Survivin is overexpressed in squamous carcinoma cell which makes it possible to use therapies specifically targeting this gene. Adenoviruses can be made tumour selective by placing essential viral gene (E1) under the control of human E2F-1 promoter [60],[61] which is selectively activated in tumour cells with a defect in Rb pathway. Replication-competent adenoviruses that have restricted expression of the E1A and E1B genes have been produced using prostate-specific promoters, such as the prostate-specific antigen (PSA) promoter, the probasin promoter and combinations of both (e.g., CV706 and CG0787) for prostate carcinomas [70]. Selective expression of E1A has been attempted in specific carcinomas, such as hepatocellular carcinoma (α-foetoprotein promoter) and breast carcinoma (mucin-1 promoter and estrogen-receptor promoter). In addition, the general characteristics of tumour cells, e.g. telomerase promoter and hypoxia-inducible factor (HIF) responsive elements have been used to design oncolytic adenoviruses [71]. In case of herpes viruses, transcriptional targeting is achieved by placing the γ1 34.1 gene under the control of tumour specific promoter [72] . The expression of the essential immediate-early ICP4 gene under control of the albumin-enhancer-promoter, limits replication of HSV to the liver and to hepatocellular carcinoma [56] . Similarly, the calponin promoter has been used to generate HSV mutants that replicate selectively in malignant human soft tissue and bone tumours. For retroviruses, the U3 gene which promotes enhancer region in the long terminal repeat has been replaced [72] .

(iv) Transductional targeting: The fact that tumour cells display high level of tumour specific receptors can be exploited for targeting of oncolytic viruses specifically to cancer cells [73] . For instance, many cancer cells overexpress intra cellular adhesion molecule-1 (ICAM-1) and decay accelerating factor (DAF), the receptors for coxsackievirus A21(CAV 21 ) [74] . Another enterovirus, echovirus type 1, gains preferential entry to ovarian cancer cells due to overexpression of the I domain of integrin a2b1 [75] , and poliovirus infects cells expressing the CD155 receptor, abundant on many human cancer cell types [76] . However, for viruses which utilize receptors that are abundant on normal cells, the mechanisms that govern preferential replication in cancer cells are probably intracellular [55] . For example, despite that mumps viruses use sialic acid as their receptor and alphaviruses use heparin sulphate or ICAM-1, all abundantly expressed also on many normal cells, these viruses show high cancer cell selectivity due to defective interferon (IFN) signaling pathway in tumour cells [77] . Alternatively, tumour specificity of viruses can be reprogrammed by displaying single chain antibodies or other polypeptide binding ligands on the viral surface.

(v) Targeting strategies based on tumour microenvironment: To support uncontrolled growth and tissue invasion, tumour cells develop a modified microenvironment such as hypoxia, activation of certain proteases and angiogenesis.
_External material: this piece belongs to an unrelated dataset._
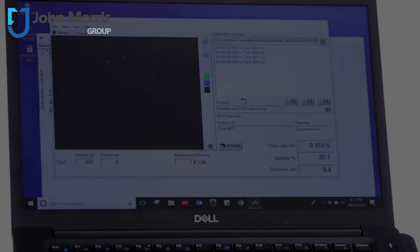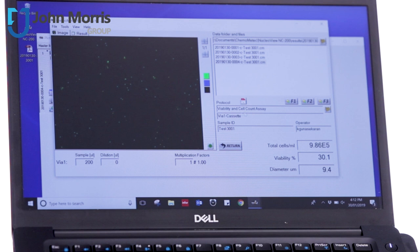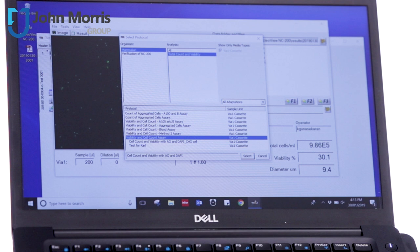There's a couple of other really nice features as well. You can see here that we've used a viability and cell count assay, but there are a range of other assays that the NC200 has available. And you can see a list of some of them right here.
This can be harnessed for developing strategies for tumour targeting [69] . A dual regulated oncolytic Ad CNHK500 was developed in which the E1b gene is controlled by a hypoxia responsive promoter and the E1a gene is controlled by an human telomerase reverse transcriptase (hTERT) promoter [56] . Tumour selectivity might be further improved by incorporation of hypoxia-responsive elements into tumour-specific promoters to exploit the relatively hypoxic conditions within a tumour [78] . Vesicular stomatitis virus (VSV) is known to have an inherent capacity of replication under hypoxic tumour environment. Another approach to develop tumour specific oncolytic viruses is based on utilization of epithelial cell specific promoters to control the expression of important viral genes.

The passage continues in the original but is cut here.